# Probabilistic Analysis and Randomized Algorithms

Src: Chapter 5.1 of Cormen et al. discusses probabilistic analysis and randomized algorithms. 
4th edition of CLRS from MIT press 

Probabilistic analysis is a technique used in computer science to analyze algorithms that involve randomness or uncertainty. It involves using probability theory to calculate the expected behavior of an algorithm over many runs, rather than analyzing the behavior of a single run.

Randomized algorithms, on the other hand, are algorithms that make use of random numbers or random choices to solve problems. They can be used to solve problems that are difficult or impossible to solve deterministically, and they are often more efficient than their deterministic counterparts.

Probabilistic analysis is particularly useful for analyzing randomized algorithms, as it allows us to reason about the expected behavior of an algorithm over many runs. For example, if we run a randomized algorithm 100 times and observe that it gives the correct answer 95 times, we can use probabilistic analysis to calculate the probability that the algorithm will give the correct answer on any given run.



## Hire Assistant problem

Suppose you need to hire a new office assistant but your previous attempts have been unsuccessful. To solve this problem, you decide to use an employment agency that will send you one candidate each day for an interview. You have to pay a small fee to the agency for each interview, and hiring an applicant is even more costly as it requires firing your current office assistant and paying a substantial hiring fee to the agency. Since you are committed to having the best possible person for the job, you have decided that if a candidate is more qualified than your current assistant, you will hire the new candidate and fire the current assistant. Although you are willing to pay the resulting cost, you want to estimate the price of this strategy.

![Hire Assistant Problem](https://miro.medium.com/v2/resize:fit:1400/format:webp/1*lXgGoeOwoKEFjXmXRjXZZQ.png)

Src: https://www.cantorsparadise.com/math-based-decision-making-the-secretary-problem-a30e301d8489

### Hire assistant problem pseudocode

The following pseudocode describes the algorithm for hiring an office assistant using the employment agency.
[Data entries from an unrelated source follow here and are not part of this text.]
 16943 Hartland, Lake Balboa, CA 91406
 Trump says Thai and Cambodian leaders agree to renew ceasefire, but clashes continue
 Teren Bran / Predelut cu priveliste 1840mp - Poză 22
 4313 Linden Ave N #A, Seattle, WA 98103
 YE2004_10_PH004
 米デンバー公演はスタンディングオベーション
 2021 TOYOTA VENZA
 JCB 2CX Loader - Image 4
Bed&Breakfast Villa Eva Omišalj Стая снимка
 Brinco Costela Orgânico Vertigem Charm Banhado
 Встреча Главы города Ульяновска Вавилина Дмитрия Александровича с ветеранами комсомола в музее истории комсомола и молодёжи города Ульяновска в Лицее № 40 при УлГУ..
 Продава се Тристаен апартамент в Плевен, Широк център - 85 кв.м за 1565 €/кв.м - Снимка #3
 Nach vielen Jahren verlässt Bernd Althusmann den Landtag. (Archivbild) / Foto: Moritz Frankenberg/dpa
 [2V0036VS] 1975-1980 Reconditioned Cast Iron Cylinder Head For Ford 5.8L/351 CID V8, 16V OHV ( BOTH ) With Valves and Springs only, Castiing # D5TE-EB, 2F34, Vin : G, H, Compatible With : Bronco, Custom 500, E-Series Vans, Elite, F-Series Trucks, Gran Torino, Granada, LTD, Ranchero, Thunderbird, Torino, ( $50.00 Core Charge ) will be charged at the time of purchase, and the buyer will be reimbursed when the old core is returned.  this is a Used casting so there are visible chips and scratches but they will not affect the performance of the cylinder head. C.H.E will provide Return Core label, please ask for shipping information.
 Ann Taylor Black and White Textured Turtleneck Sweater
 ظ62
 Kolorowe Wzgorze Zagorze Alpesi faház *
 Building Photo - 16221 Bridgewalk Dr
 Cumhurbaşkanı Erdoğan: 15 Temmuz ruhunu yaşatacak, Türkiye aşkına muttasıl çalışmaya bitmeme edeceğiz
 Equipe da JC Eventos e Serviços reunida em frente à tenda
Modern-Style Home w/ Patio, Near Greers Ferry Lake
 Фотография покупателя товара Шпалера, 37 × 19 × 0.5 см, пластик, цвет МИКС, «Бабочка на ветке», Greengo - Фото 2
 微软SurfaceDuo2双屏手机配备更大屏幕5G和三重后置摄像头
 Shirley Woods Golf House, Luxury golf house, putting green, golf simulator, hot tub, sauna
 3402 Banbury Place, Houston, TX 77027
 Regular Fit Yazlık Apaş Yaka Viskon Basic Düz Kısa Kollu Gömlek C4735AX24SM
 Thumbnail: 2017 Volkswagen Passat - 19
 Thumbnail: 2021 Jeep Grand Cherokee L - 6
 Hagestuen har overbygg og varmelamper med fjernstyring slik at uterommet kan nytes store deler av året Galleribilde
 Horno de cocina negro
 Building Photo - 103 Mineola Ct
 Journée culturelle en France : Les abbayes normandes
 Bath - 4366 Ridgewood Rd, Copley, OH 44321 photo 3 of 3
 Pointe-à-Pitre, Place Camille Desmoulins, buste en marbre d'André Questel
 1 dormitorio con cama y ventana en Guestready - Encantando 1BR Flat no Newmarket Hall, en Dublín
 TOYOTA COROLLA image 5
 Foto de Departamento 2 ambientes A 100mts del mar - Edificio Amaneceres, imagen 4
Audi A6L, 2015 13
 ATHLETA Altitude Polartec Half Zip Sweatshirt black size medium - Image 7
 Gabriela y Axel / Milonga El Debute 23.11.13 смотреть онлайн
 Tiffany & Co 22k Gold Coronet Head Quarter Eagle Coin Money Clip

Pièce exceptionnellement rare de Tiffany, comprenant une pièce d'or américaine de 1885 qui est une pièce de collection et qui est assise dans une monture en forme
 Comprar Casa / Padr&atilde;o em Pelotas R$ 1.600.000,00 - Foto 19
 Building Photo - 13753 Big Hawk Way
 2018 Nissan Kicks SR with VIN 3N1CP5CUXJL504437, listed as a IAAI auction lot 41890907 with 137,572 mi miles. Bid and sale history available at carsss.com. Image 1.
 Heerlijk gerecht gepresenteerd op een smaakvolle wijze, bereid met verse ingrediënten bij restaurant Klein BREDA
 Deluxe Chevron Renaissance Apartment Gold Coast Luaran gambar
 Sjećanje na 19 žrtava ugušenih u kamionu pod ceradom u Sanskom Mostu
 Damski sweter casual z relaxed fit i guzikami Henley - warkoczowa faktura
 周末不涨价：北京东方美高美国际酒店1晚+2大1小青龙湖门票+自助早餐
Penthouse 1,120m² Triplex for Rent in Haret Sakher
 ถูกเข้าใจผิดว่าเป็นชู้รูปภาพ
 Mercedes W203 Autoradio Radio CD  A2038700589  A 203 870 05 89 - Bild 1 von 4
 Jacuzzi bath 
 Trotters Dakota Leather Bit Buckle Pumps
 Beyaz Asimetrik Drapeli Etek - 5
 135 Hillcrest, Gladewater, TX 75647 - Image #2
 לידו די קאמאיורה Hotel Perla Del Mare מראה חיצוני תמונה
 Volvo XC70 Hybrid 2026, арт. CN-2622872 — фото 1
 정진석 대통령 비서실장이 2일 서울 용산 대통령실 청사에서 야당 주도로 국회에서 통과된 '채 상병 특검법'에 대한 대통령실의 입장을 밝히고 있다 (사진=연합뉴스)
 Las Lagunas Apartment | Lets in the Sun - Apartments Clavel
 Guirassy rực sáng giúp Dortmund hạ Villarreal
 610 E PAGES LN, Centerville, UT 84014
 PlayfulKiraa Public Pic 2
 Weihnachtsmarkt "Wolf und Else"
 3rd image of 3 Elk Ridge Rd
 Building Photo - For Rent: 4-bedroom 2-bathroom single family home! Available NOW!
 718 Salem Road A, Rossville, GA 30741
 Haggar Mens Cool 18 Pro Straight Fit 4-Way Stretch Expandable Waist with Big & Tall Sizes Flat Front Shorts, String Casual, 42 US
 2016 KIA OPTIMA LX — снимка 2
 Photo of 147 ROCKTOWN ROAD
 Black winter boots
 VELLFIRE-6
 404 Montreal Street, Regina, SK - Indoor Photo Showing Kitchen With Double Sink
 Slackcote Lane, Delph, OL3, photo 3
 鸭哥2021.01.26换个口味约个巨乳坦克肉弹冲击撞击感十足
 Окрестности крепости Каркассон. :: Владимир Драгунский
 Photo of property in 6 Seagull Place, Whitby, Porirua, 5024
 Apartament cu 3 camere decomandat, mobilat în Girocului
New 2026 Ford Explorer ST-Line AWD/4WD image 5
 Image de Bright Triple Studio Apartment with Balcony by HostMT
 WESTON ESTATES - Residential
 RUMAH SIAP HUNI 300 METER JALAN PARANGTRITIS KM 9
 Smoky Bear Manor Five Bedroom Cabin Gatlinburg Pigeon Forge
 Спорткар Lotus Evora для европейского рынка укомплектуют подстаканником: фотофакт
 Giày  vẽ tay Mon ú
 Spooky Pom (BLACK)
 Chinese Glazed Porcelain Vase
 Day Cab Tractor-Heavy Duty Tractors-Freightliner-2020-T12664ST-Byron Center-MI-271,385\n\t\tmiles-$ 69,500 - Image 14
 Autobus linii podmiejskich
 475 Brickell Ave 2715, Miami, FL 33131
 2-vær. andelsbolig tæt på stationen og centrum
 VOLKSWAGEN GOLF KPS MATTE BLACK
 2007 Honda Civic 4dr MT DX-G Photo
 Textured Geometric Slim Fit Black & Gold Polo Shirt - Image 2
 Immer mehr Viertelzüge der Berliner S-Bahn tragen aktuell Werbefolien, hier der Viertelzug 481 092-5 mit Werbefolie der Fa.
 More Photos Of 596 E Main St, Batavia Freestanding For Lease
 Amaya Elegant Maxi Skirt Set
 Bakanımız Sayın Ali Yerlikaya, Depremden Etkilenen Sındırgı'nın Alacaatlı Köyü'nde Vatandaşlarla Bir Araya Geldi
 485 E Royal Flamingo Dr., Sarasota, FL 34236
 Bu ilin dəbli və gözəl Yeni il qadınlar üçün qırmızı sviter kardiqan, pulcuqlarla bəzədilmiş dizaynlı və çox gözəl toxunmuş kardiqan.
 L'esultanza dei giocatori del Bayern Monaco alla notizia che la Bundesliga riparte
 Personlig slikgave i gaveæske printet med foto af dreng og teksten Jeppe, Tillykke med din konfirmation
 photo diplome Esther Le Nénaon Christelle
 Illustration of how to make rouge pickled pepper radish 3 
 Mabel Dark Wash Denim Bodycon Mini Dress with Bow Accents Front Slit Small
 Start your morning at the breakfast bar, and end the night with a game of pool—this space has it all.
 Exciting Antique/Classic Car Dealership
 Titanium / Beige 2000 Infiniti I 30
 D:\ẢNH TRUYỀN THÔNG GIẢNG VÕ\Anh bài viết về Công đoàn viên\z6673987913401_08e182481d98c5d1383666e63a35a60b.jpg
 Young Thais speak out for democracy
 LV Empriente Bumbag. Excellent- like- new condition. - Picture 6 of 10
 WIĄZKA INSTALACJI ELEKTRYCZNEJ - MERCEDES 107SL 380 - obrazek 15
The algorithm takes as input a list of candidates from the employment agency and returns the cost of hiring and firing office assistants.

* Set the current best candidate to None and the current best candidate's score to 0.
* While there are still candidates from the employment agency:

a. Interview the next candidate.
b. If the candidate's score is higher than the current best candidate's score:
i. Fire the current office assistant.
ii. Hire the new candidate.
iii. Set the current best candidate to the new candidate.
c. Otherwise, do not hire the candidate.
Return the cost of hiring and firing office assistants.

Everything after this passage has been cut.